IPS: What is the connection between old struggles and current challenges such as racism and rising xenophobia, and what remains of the past struggles?

LS: Some Sites of Conscience address contemporary issues that are directly, or literally, linked to what happened there in the past.

The Lower East Side Tenement Museum preserves the apartments of 19th and 20th century immigrants to New York, using the stories of their daily lives as the catalyst for 'kitchen conversations', public dialogues on how immigration experiences are similar or different from the past to the present, and how they could be made better.

Other sites confront issues that have taken a totally new form. For instance, a Site of Conscience like Monte Sole Peace School does not inform people about this one event from the Second World War, but helps people analyse the underlying systems or cultures that enabled this violence to be unleashed.

While there may be no imminent threat of a massacre by an occupying army in Italy today, the Peace School uses the story of Monte Sole to examine cultures of violence and intolerance developing today that could lead to violence, or has already caused violence, against certain groups of people.

In both of these contexts, anti-immigrant sentiment and violence is on the rise. Sites offer many different ways for people to draw connections between past struggles and current issues, and we are also continually challenging ourselves to identify where issues are taking new forms and how we can address them.

IPS: What are the challenges Sites of Conscience face today?

LS: In some contexts, it may appear that the struggle a site remembers has been resolved.
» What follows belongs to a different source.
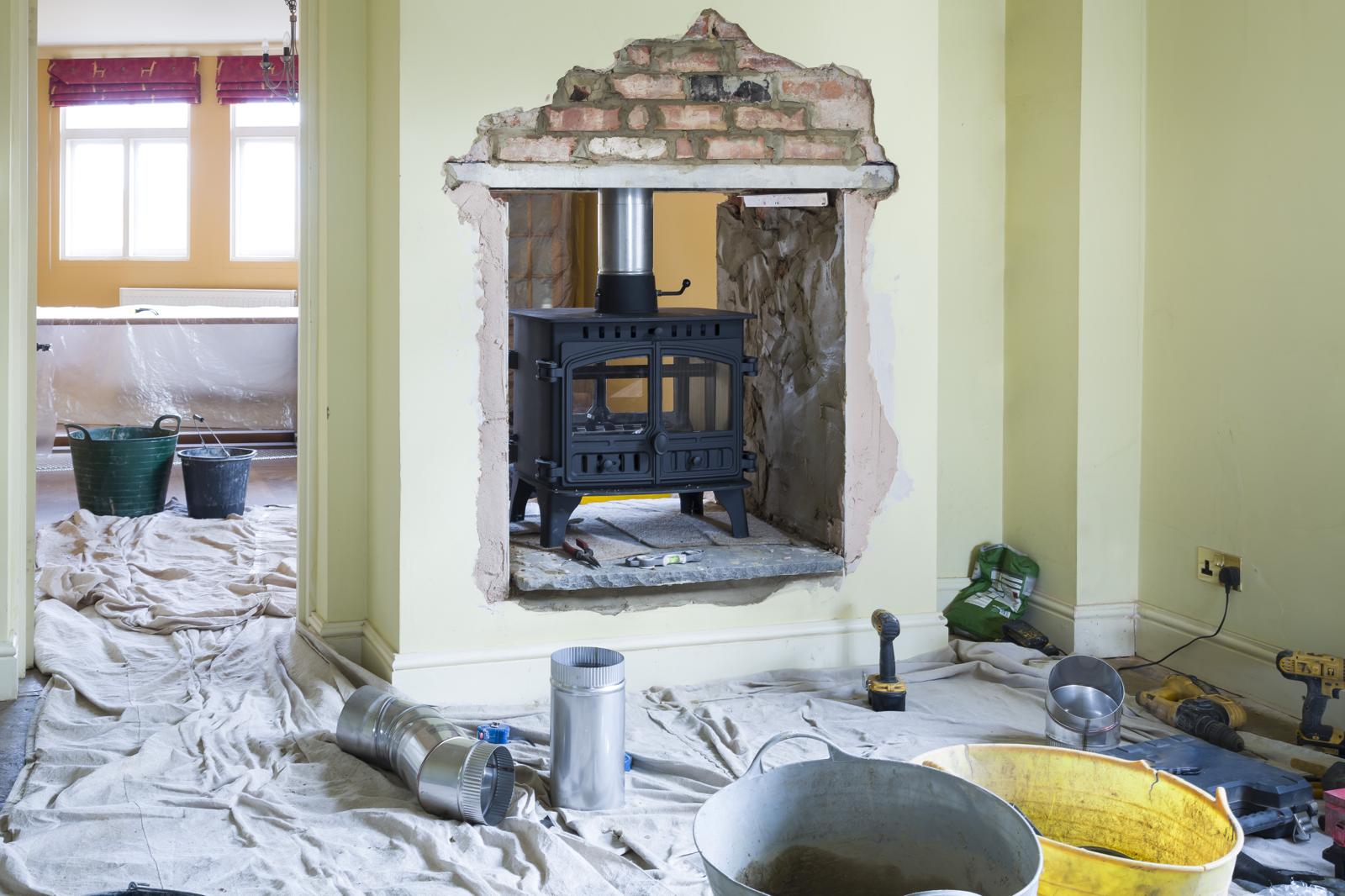 Wood-burning stove being installed into a brick fireplace opening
In fact, many governments and societies choose to commemorate sites specifically to signal that an issue has been resolved and does not need to be brought up again.
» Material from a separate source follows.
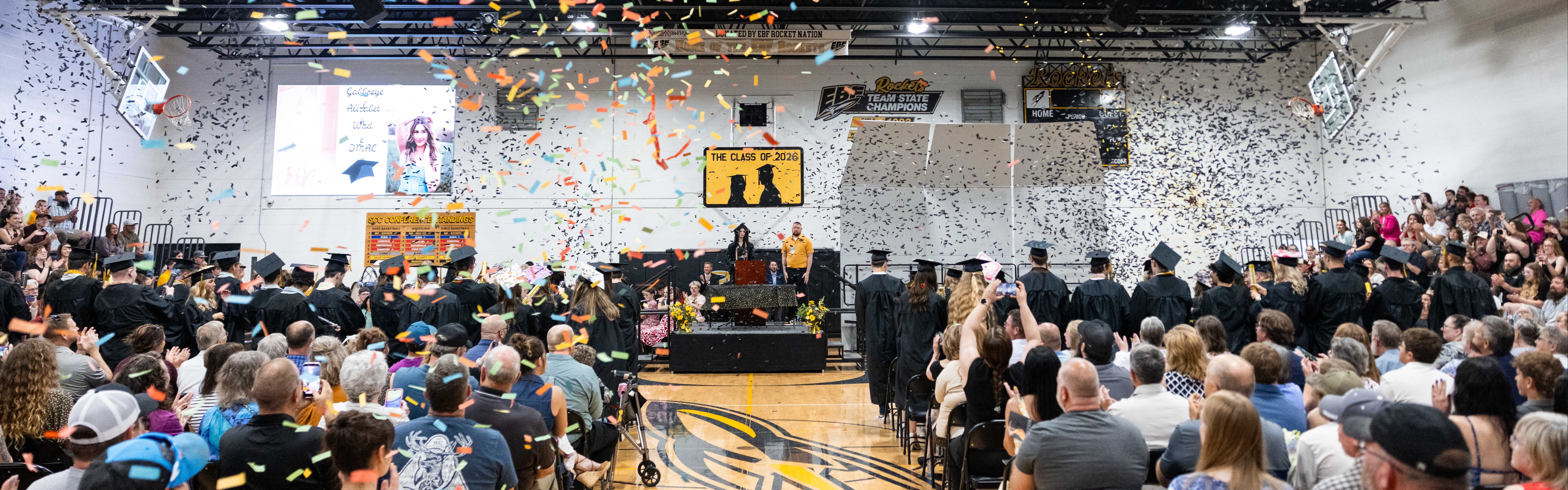 EBF 2026 Graduates celebrate with confetti as audience looks on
For instance, a visitor to Villa Grimaldi – a former clandestine centre of torture and detention in Chile – might believe that because Chile is now a democracy and this official system of repression has been eradicated, the issue of human rights in Chile has been resolved.
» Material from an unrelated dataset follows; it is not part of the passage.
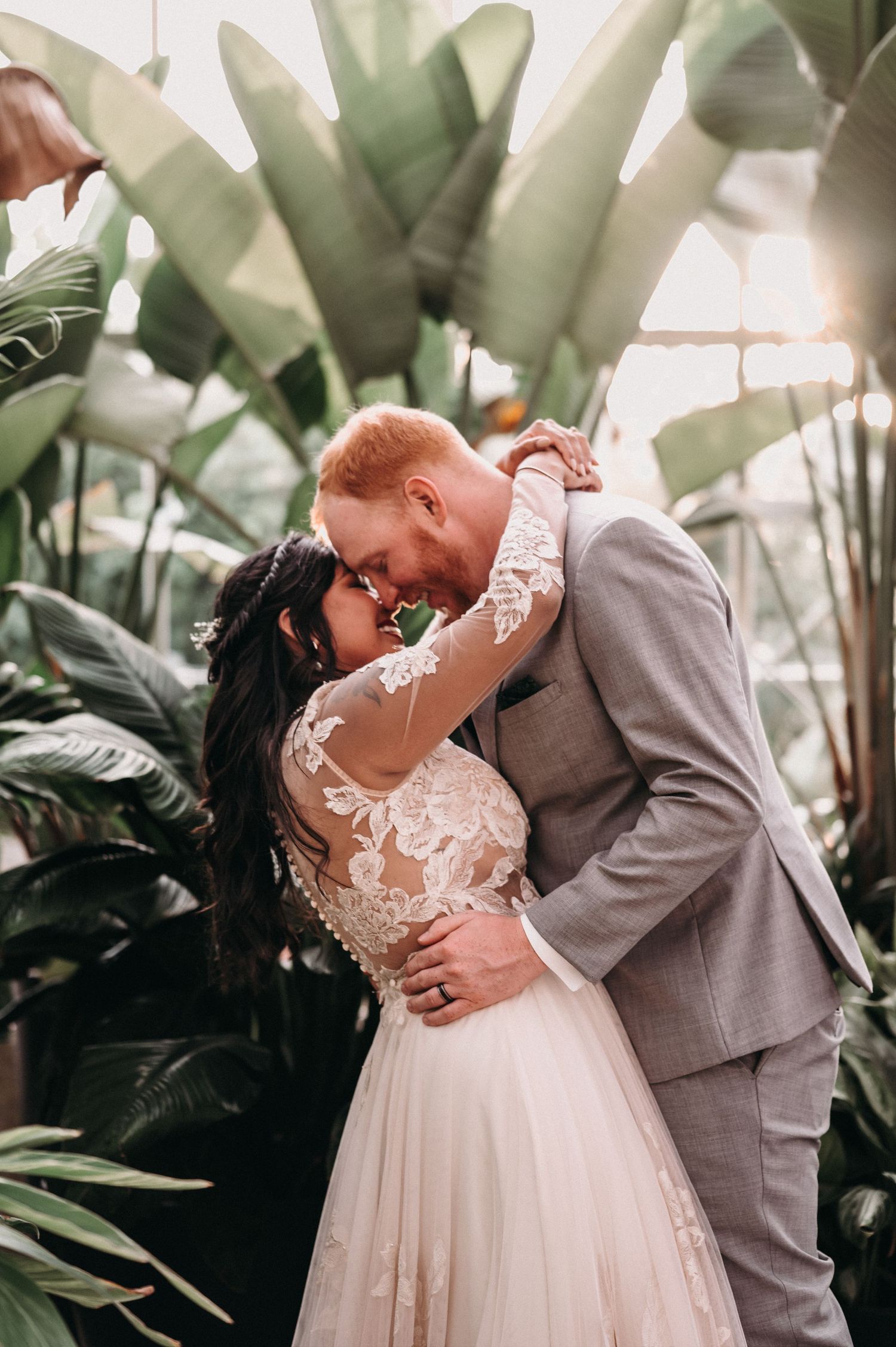 Romantic wedding portrait with couple embracing among large tropical leaves.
But the Corporacion Parque por la Paz Villa Grimaldi in Chile uses the history of its site to help young people identify the very different human rights issues they themselves are facing in school today – like xenophobia and bullying – and by what steps cultures of violence and repression can develop.

In this way, the site helps young people make connections between state authoritarianism, the repression of human rights, and present-day conflict.

IPS: Is such a connection normally accepted?

LS: While sites often receive support for preserving the fabric of their buildings or for telling simple stories about the past, they can face opposition to the much more difficult work of opening dialogue about the complexities and contradictions of history, and for refusing to relegate human rights issues to the past, refusing to categorise them as permanently resolved.

Instead, Sites of Conscience seek to inspire new generations to identify for themselves the issues of their own generation and be equipped to address them.

IPS: Is there any kind of cooperation among the European memory sites or are you working on this?

LS: We're absolutely thrilled that our international summit this year is bringing together a diversity of places of memory in Europe.

Our hope is that by the end of the summit, with Monte Sole's leadership, we will launch our first European Sites of Conscience project. At the summit, the sites from across Europe will explore how they can take active steps to address the specific and most urgent challenges facing Europe today; how they can support each other by working together to address these challenges, and how the International Coalition can support their efforts.